The Chicago Manual of Style describes these as one-to-one relationships. Sometimes they are between two items, groups, or people, as in these examples:
Choose between Squiggly and Aardvark.
Let’s keep this between you and me.
Other times they can be between more than two items, groups, or people as in these examples:
The negotiations between the cheerleaders, the dance squad, and the flag team were going well despite the confetti incident.
The differences between English, Chinese, and Arabic are significant.
On the other hand, you use among when you are talking about things that aren’t distinct items or individuals. For example, if you were talking about colleges collectively you could say, “She chose among the Ivy League schools.”
If you are talking about a group of people, you also use among:
Fear spread among the hostages.
The scandal caused a division among the fans.
Squiggly and Aardvark are among the residents featured in the newsletter.
Part of a Group
Among can also indicate that someone is part of a group or left out of a group, as in these examples:
He was glad to find a friend among enemies.

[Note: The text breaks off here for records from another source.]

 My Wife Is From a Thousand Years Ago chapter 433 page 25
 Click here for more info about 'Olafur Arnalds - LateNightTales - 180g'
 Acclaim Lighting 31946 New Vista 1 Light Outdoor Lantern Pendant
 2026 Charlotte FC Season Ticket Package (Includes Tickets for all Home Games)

She felt like a stranger among friends.
Sylvia was later found living among the natives.
Between and among can also tell the reader different things about location or direction. Think about the difference between these two examples:
Squiggly walked between the trees.
Squiggly walked among the trees.
Squiggly walked between the trees gives you the idea that he stayed on the path; he either walked between two trees or was on a route that was surrounded by trees.
On the other hand, Squiggly walked among the trees gives you more of an idea that he wandered around a park or forest. He may have had an endpoint in mind, but it doesn’t sound as if he went from point A to point B on a defined path.

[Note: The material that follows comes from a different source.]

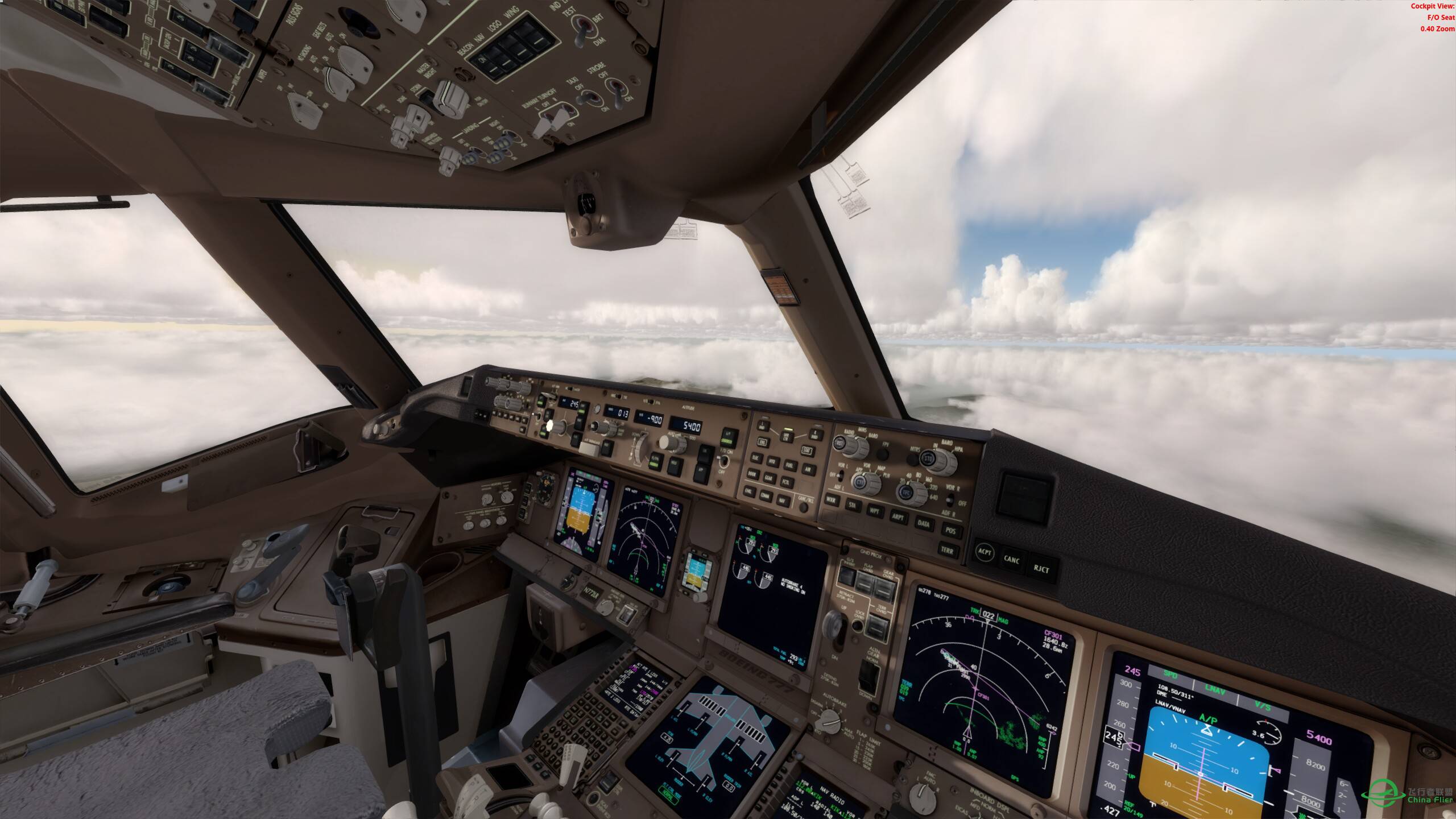 环球飞行第五站 赫尔辛基-摩尔曼斯克-1322 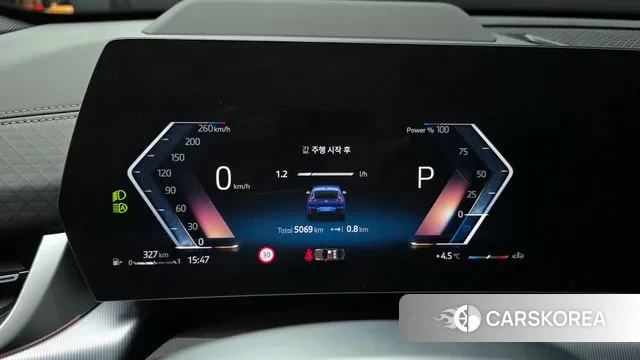 BMW X2 (U10) id 3517517 из Кореи 18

1. Goldstein, N., ed. The Associated Press Stylebook and Libel Manual. Reading: Perseus Books, 1998, p. 12.
2. The American Heritage College Dictionary. Third edition. Boston: Houghton Mifflin, 1993, p. 132.
3. Burchfield, R.W., ed. The New Fowler’s Modern English Usage. Third edition. New York: Oxford, 1996, p. 106.
4. Scharton, M., and Neuleib, J. Things Your Grammar Never Told You. New York: Longman, 2001, p. 61.
5. “among,” Merriam-Webster Online Dictionary. https://www.merriam-webster.com/dictionary/amongst (accessed May 11, 2016).
Choose the correct word. If you choose “either,” explain the different meanings you get when you use each word.
1. Gloria had to choose [between/among/either] band practice and writing for the newspaper.
2. The conversation [between/among/either] the teachers, the parents, and the students lasted for two hours.
3. James was [between/among/either] the winners.
[Answer: either, but “between” indicates he was standing between two winners, whereas “among” indicates he was either one of the winner or in the midst of some winners.]
4. Gail and Dave are [between/among/either] the vacationers enjoying ice cream.
[Answer: either, but “between” indicates they are situated between two vacationers or groups of vacationers who are enjoying ice cream, whereas “among” indicates they are either enjoying ice cream themselves or are in the midst of a group of vacationers who are enjoying ice cream.]
5. Herbert is notorious [between/among/either] the locals.
6. The orchestra members talked [between/among/either] themselves.